‘National disgrace’: Barred voters, hours-long lines plague Arizona & Utah during ‘Western Tuesday’

People wait to vote in the U.S. presidential primary election outside a polling site in Glendale, Arizona March 22, 2016 © Nancy Wiechec
Tuesday’s primaries and caucuses delivered victories for multiple candidates, but it was voters who suffered as hundreds of people waited for hours in long lines and other problems marred the day, particularly in Arizona.

In some cases, even those who ended up surviving the lengthy wait times may ultimately have their ballots rejected due to the fact that they weren’t registered under the Democratic or Republican parties.

Arizona was the biggest prize on the table during Tuesday’s election contests. Democrat Hillary Clinton and Republican Donald Trump walked away as the winners, but Maricopa County, home to the state’s largest city in Phoenix, had wait times so long that some people simply gave up and went home without voting.

On Wednesday, Arizona Governor Doug Ducey called it “unacceptable” and proposed eliminating the closed primary in favor of an open one.

“I’m glad to see so many Arizonans step up to make their voice heard for the candidate of their choice. However, it’s unacceptable that many of them had to battle incredibly long lines,” he said. “Our election officials must evaluate what went wrong and how they make sure it doesn’t happen again.”

"One way we can fix things is to simplify them. That means allowing independents to vote in presidential primaries, just as they vote in all other Arizona primaries,” he continued. “A big part of yesterday's problem was registered voters showing up, and being told they couldn’t vote. That's just wrong. If people want to take the time to vote they should be able to, and their vote should be counted." 

Polling places across the county featured scores of voters waiting in line for hours. Even after Trump and Clinton were both projected to win the state, hundreds of people waited more than four hours to cast their votes. Multiple sites had some 400 people in line.

At one location in downtown Phoenix, more than 700 people lined up to ensure they could vote after the station’s 7 p.m. closing time. The final votes were not tallied until after midnight, the Arizona Republic reported.

Throughout the night, people stuck in line brought in chairs to help themselves make it through the ordeal. Others ordered pizza and had it delivered to the line, according to the Huffington Post.

The reason for the long waits? Maricopa County decided to dramatically cut the number of polling stations to 60, down from 200 four years ago, in an attempt to save money. There were 400 polling stations in 2008.

This year, Maricopa County had one station for every 21,000 voters, according to Arizona Republic data.

“Apache County had 41 polling locations for nearly 35,000 eligible voters,” the news outlet reported. “Navajo County had 38 polling locations for roughly 42,000 eligible voters, Maricopa County 60 locations for 1.25 million voters.”

Long lines weren’t the only problem in Arizona, though. Since primaries in the state are closed, only registered Democrats and Republicans can vote in them. Tuesday saw a large number of independent voters come out to make their voices heard, including some who had wrongly stated they were registered to a party, causing problems when election staffers told them they were not allowed.

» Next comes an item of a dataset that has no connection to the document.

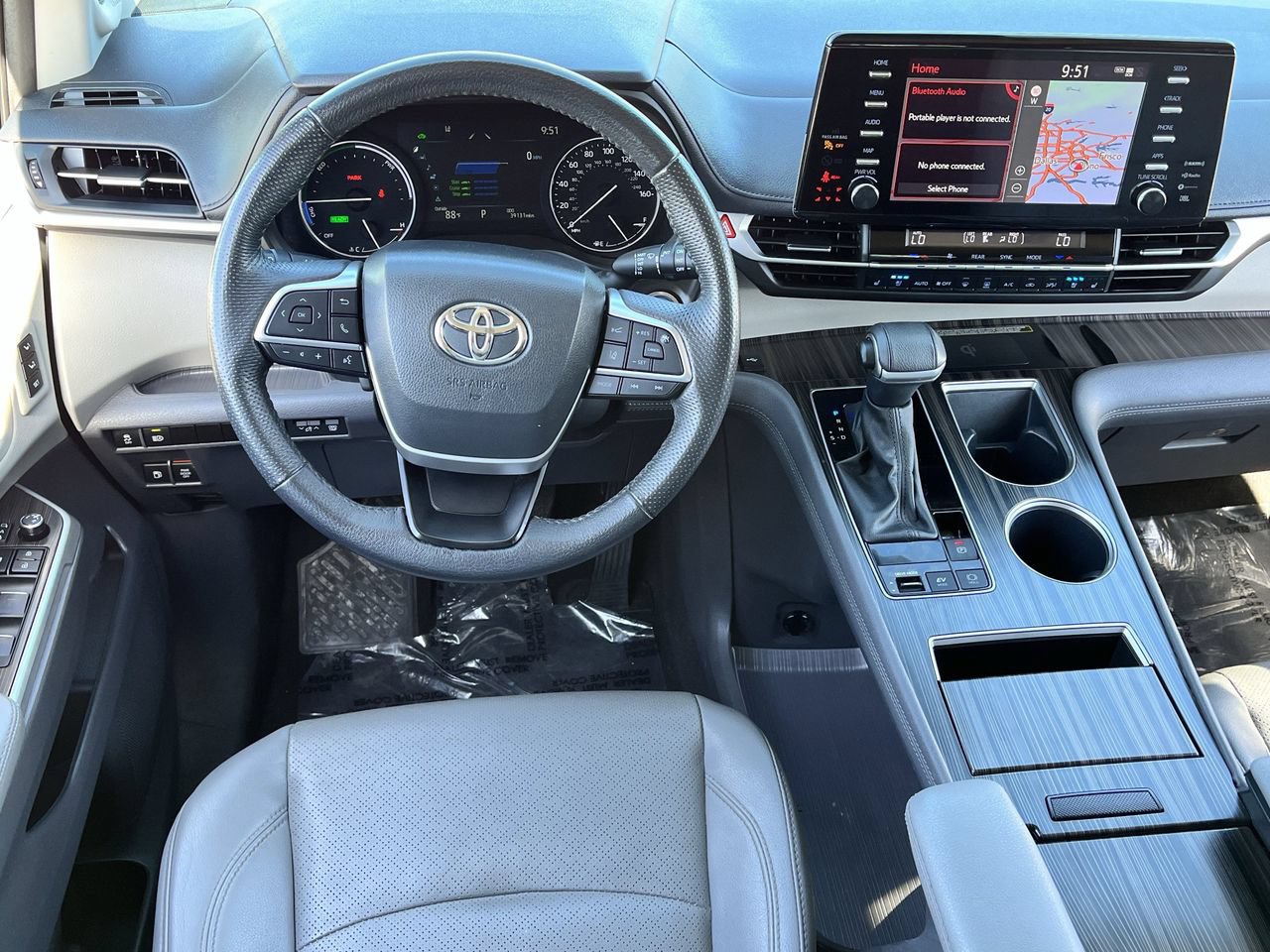 Used 2024 Toyota Sienna Limited FWD image 10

When independents refused to leave without voting, they were given provisional ballots. If the voter is found to not be a registered Democrat or Republican, however, their vote will not count.

The situation was bad enough Tuesday that Democratic presidential candidate Bernie Sanders called it “a national disgrace.”

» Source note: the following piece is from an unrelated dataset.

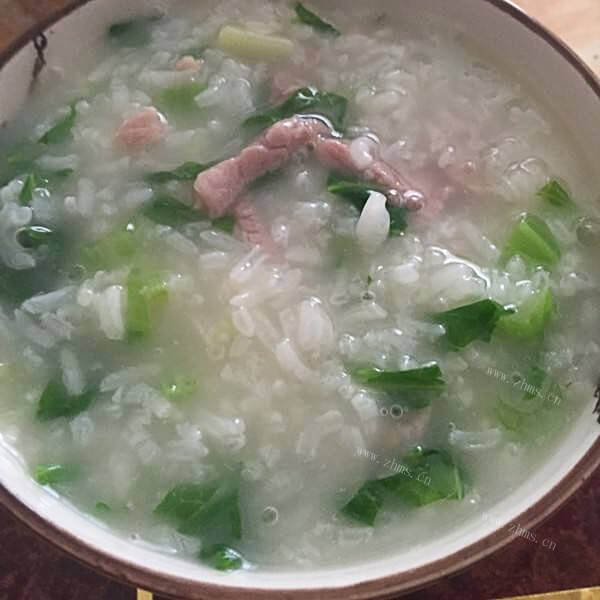 营养丰富的鸡毛菜牛肉粥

Arizona wasn’t alone in having issues. In Utah, the Republican Party allowed some 59,000 registered voters to cast their ballots online, but many experienced technical problems when trying to do so. One resident told the Desert News that he could not move past the first page asking for identification, since the website produced error messages and said his information was incorrect.

"I must have tried eight or nine times without success," resident Greg Ericksen said.

According to the Washington Post, other people complained that the pages froze while some said they were confused by the web page setup.

Likely complicating the situation was that 10,000 people who applied to vote online were turned away because party officials couldn’t confirm their IDs.